EXERCISE INSTRUCTIONS ▸
Pull every line of the entries that has the word "World".

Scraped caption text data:
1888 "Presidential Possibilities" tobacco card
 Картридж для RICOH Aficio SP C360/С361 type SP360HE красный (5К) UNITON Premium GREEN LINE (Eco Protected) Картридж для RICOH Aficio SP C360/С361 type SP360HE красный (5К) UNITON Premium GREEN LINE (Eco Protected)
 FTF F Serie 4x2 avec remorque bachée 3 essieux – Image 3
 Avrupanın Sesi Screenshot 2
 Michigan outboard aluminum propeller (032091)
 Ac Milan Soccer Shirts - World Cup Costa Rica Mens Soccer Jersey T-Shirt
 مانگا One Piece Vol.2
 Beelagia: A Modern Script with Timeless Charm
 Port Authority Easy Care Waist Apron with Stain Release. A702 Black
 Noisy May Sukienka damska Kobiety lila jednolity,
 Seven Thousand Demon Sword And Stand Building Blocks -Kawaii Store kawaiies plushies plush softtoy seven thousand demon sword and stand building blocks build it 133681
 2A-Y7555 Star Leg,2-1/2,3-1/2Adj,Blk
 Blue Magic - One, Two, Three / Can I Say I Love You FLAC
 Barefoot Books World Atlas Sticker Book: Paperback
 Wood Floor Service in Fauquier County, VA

EXERCISE RESPONSE ▸
 Ac Milan Soccer Shirts - World Cup Costa Rica Mens Soccer Jersey T-Shirt
 Barefoot Books World Atlas Sticker Book: Paperback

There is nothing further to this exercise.